Con l'esposizione retrospettiva delle opere al Salon d'automne del 1906, il nome del C. diventa celebre; si rivela allora il senso della sua opera, incompresa per tanto tempo. Da trent'anni in qua, la pittura francese vive dei suoi insegnamenti; dalle sue premesse muovono Gauguin e Van Gogh, che l'avevano conosciuto ad Arles nel 1888. Dal 1905 tutte le reazioni contro l'impressionismo, tutti i tentativi e tutte le avventure intellettuali che vanno sotto il nome di cubismo, derivano dalle formule del C.; ne sono le variazioni più o meno convincenti, più o meno riuscite. I migliori fra i giovani (Asselin, O. Friesz, Waroquier, Segonzac) formano la scuola postuma del grande solitario. Particolarmente sensibile fu la sua influenza nei paesi germanici, slavi e scandinavi. Si trovano sue tele a Berlino (Nationalgalerie), a Monaco (Staatsgalerie), ad Amburgo (Kunsthalle), a Brema, ai musei di Copenaghen, d'Oslo e di Stoccolma e alla galleria d'arte moderna di Mosca. In Francia si trovano numerose tele del C. nelle collezioni di Cézanne figlio, di A. Pellerin (ritratto di Gustavo Geffroy) e di A. Vollard (ritratto del Vollard). La donazione Camondo ha assicurato al Louvre I giuocatori di carte e La casa dell'impiccato; il Luxembourg possiede una veduta di Estaque. (V. tav. CCXXXVI e tav. a colori).

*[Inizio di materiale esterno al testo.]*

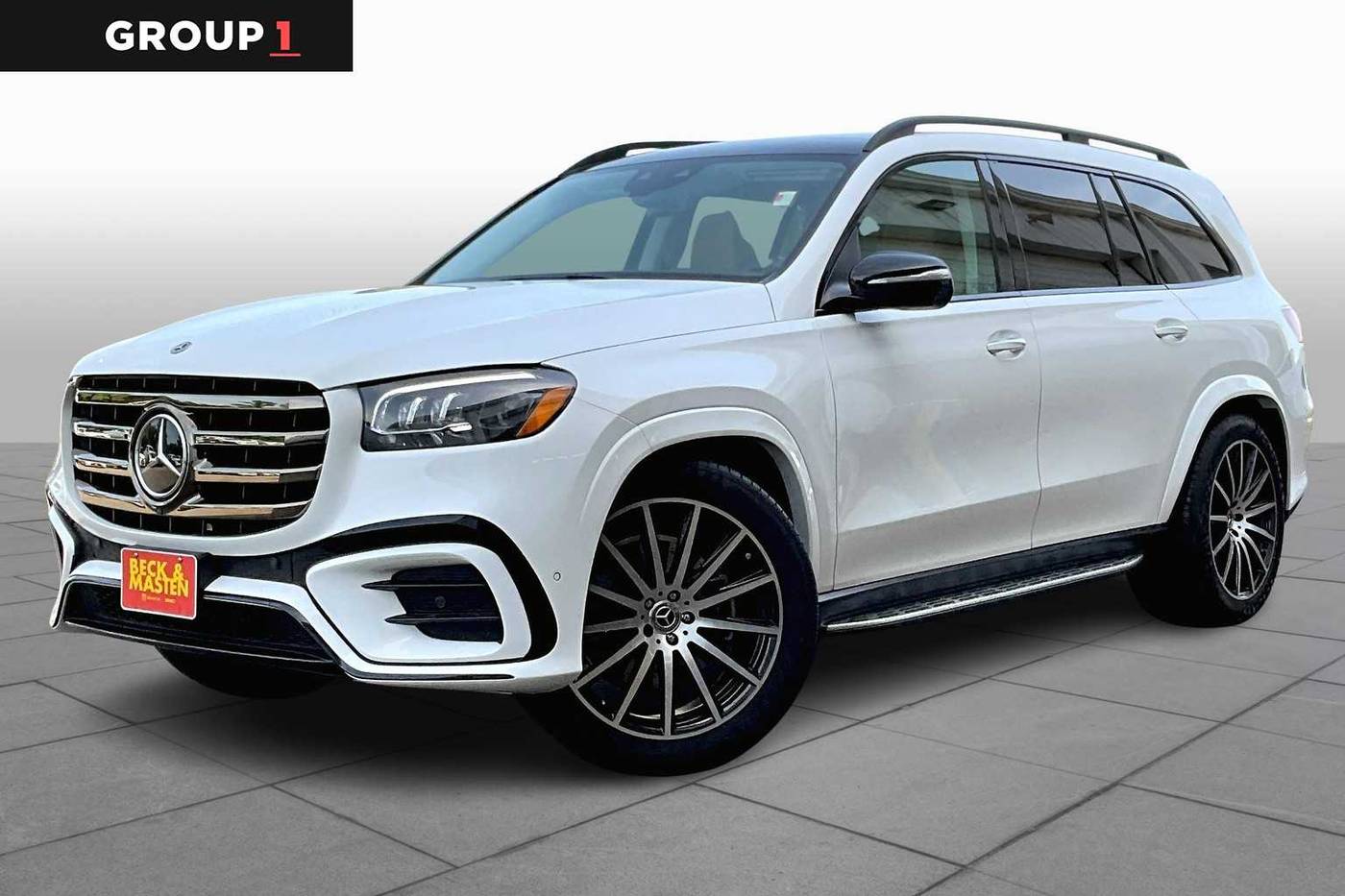 2024 Mercedes-Benz GLS GLS 450 — SUV — 8,132 mi — Houston, TX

Bibl.: Th. Duret, Les peintres impressionnistes, Parigi 1906; O. Grantoff, in Thieme-Becker, Künstler-Lexikon, VI, Lipsia 1912 (con la bibl. precedente); E. Bernard, Souvenirs sur P.C., Parigi 1912; M. Denis, Théories, Parigi 1913; A. Vollard, P.C., Parigi 1914; S. Meier-Graefe, Entwicklungsgeschichte d. mod. Kunst, 2ª ed., Monaco 1914-15, III, pp. 557-93; F. Burger, C. u. Hodler, Einführung in d. Probleme d. Malerei d. Gegenwart, Monaco 1917; I.E. Blanche, De David à Dégas, Parigi 1919; L'amour de l'art, I (1920), dicembre; I. Meier-Graefe, C. u. sein Kreis, Monaco 1920; U. Ojetti, C., in Raffaello e altre leggi, Milano 1921, pp. 13-23; L. Heuraux, I Cézanne della raccolta Fabbri, in Dedalo, I (1920-21), pp. 53-70; A. Maraini, ibid., I (1920-21), pp. 186-96; Tristan-L. Klingsor, P.C., Parigi 1923; G. Rivière, P.C., Parigi 1923; G. Coquiot, Les peintres maudits, Parigi 1924; K. Pfister, C., Potsdam 1927; L. Larguier, Le dimanche avec P.C., Parigi 1928; J. Gasquet, P.C., Parigi 1930.